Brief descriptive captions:
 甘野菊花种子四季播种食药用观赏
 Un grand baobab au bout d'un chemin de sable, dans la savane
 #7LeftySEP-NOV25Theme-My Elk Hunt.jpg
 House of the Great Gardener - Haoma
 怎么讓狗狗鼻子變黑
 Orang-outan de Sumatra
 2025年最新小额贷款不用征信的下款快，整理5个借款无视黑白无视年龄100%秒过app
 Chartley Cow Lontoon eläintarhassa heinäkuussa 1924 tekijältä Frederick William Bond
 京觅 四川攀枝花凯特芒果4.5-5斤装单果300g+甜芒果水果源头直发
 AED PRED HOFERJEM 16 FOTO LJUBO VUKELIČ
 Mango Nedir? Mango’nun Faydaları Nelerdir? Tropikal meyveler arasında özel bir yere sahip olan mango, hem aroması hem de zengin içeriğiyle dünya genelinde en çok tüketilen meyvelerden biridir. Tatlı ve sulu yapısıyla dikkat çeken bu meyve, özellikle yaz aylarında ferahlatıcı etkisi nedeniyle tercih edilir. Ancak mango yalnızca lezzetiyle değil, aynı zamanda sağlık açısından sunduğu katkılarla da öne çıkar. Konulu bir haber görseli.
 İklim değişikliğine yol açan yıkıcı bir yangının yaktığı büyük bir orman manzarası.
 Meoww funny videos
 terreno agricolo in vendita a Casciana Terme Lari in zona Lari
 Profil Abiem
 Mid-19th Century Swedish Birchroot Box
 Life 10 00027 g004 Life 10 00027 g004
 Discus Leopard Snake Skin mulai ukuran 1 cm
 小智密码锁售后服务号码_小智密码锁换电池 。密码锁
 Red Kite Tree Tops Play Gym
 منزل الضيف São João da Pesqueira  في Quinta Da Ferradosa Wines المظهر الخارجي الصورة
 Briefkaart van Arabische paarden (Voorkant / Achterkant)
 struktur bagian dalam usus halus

DIRECTIONS -
Reproduce exactly the lines from the one with "小智密码锁售后服务号码_小智密码锁换电池 。密码锁" through the end of the entries above, both ends included.

WRITTEN SOLUTION -
 小智密码锁售后服务号码_小智密码锁换电池 。密码锁
 Red Kite Tree Tops Play Gym
 منزل الضيف São João da Pesqueira  في Quinta Da Ferradosa Wines المظهر الخارجي الصورة
 Briefkaart van Arabische paarden (Voorkant / Achterkant)
 struktur bagian dalam usus halus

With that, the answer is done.